Melalui dialog kebijakan yang terstruktur, pemerintah dapat memperoleh perspektif lapangan yang kaya, sementara LAZ memperoleh arahan strategis agar program pemberdayaan yang dijalankan tetap sejalan dengan tujuan pembangunan nasional. Pemerintah juga dapat memfasilitasi LAZ untuk menjadi mitra pelaksana berbagai program prioritas seperti ketahanan pangan, pemberdayaan UMKM, pemberdayaan perempuan, literasi keuangan syariah, dan penanggulangan bencana. Sinergi ini memperluas cakupan intervensi sosial dengan biaya yang lebih efisien.
Mekanisme kolaboratif ini dapat memperkuat posisi lembaga zakat sebagai mitra strategis negara dalam mengisi ruang-ruang intervensi sosial yang belum terjangkau oleh anggaran publik. Maka zakat tidak hanya menjadi solusi karitatif sesaat, tetapi berubah menjadi instrumen pembangunan sosial-ekonomi yang mampu mengentaskan kemiskinan, mempersempit kesenjangan, dan meningkatkan kesejahteraan. Inilah esensi ge rakan zakat sebagai bagian integral dari pembangunan nasional.

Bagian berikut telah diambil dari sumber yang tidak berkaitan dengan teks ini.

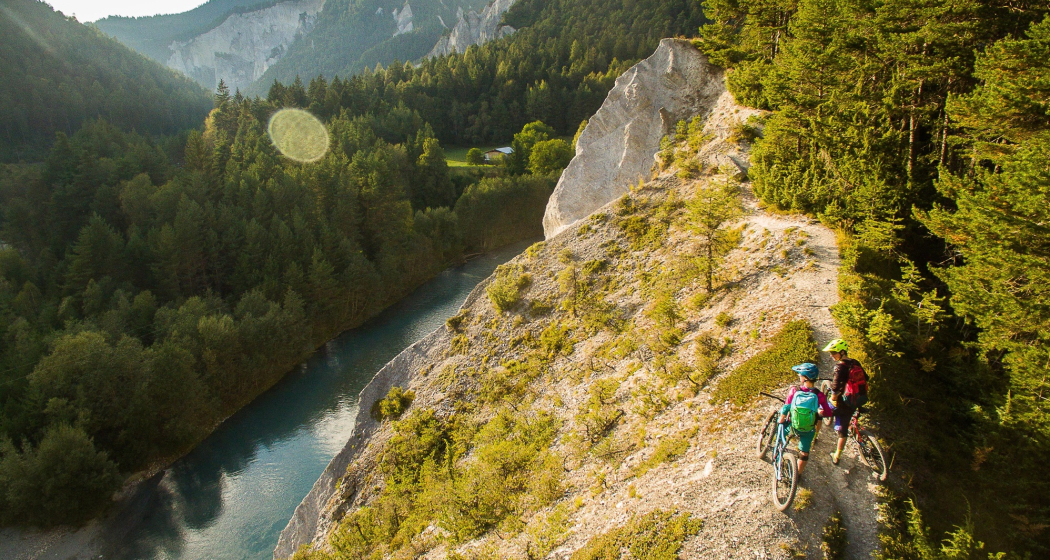 Trail Tales: Dutjer Alp Trail Tales: Dutjer Alp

Pada akhirnya, penguatan peran zakat sebagai bagian dari pembangunan nasional membutuhkan komitmen bersama antara pemerintah, lembaga zakat, dan masyarakat luas. Optimalisasi potensi zakat bukan semata persoalan teknis penghimpunan, tetapi menyangkut bagaimana zakat ditempatkan sebagai instrumen strategis untuk mewujudkan keadilan sosial dan kemandirian ekonomi. Dengan tata kelola yang profesional, kolaborasi, serta kebijakan yang berpihak pada pemberdayaan, lembaga zakat dapat menjadi motor perubahan sosial yang berkelanjutan. Bila ruang sinergi ini terus diperkuat, maka gerakan zakat akan mampu memberi kontribusi nyata bagi terwujudnya visi Indonesia emas 2045.